“Artists are their own engineers,” Renny Pritikin, the relatively new (as of last year) curator of the Contemporary Jewish Museum in San Francisco, said as he walked through a seductive, immersive exhibition dubbed NEAT: New Experiments in Art and Technology. “They don’t need to be paired with scientists. They are their own.”
Pritikin is comparing the current collection to the 1967 exhibition Experiments in Art and Technology (E.A.T.), which paired Bell Labs engineers with well-known artists of the time and kicked off a movement exploring ways in which technological advances could enable art. The movement peaked at the 1970 Expo in Osaka, Japan, with a fog sculpture inside a dome-shaped pavilion, in which hologram-like images floated. At the time, this was the bleeding edge of both tech and culture.
These days, sleek video phones are in the grubby hands of toddlers and pulsing LED-embedded t-shirts clog the clearance bin at Hot Topic. Tech isn’t the future; it’s here, taught at the most prestigious art schools.

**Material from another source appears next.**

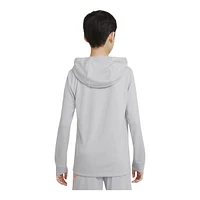 Nike Boys' HBR Graphics Hoodie, Kids', Pullover, Lightweight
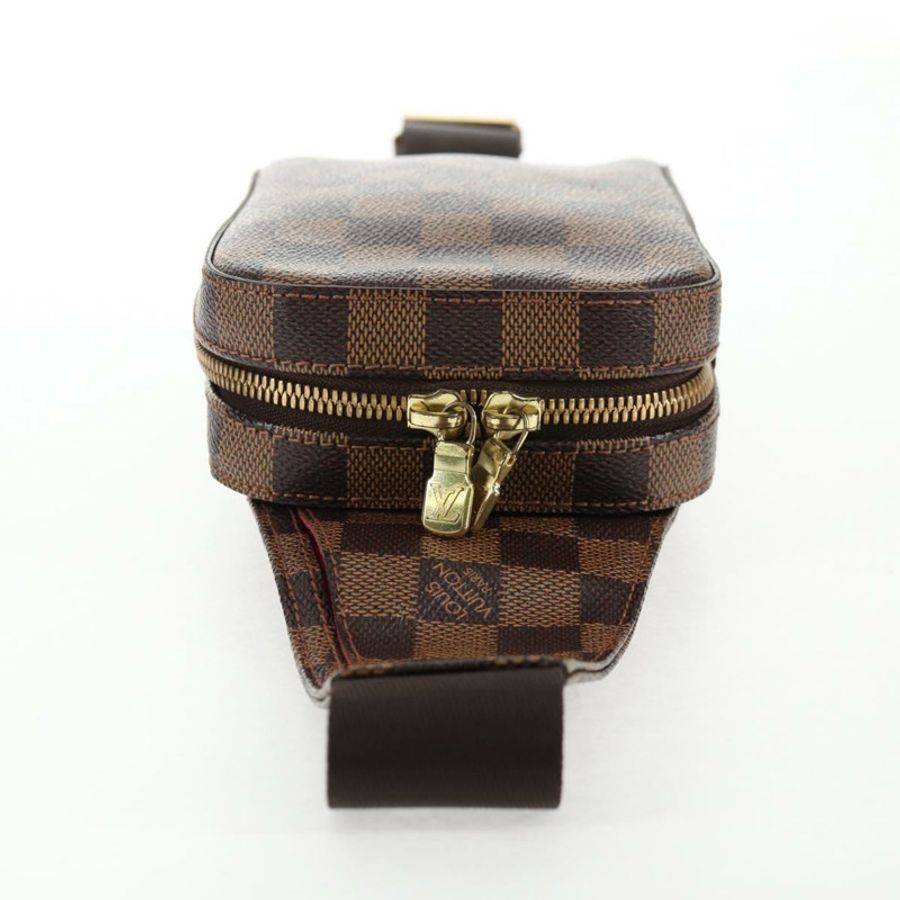 【日本直送】路易威登 Damier Ebene Geronimos 單肩包 N51994 LV 正品 135296V-2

So what does art look like when technical innovations are as common as paintbrushes and chisels?
The exhibition opened in October and will be on view until Jan. 17, 2016. Since the work can’t be reproduced in book form, the CJM has taken the unusual step of making the catalog digital and available free on the museum’s website. Here’s a taste, though.
It’s clear to even a casual observer that programming, compressed memory, digital animation and interactive apps are the palette of today’s most daring artists.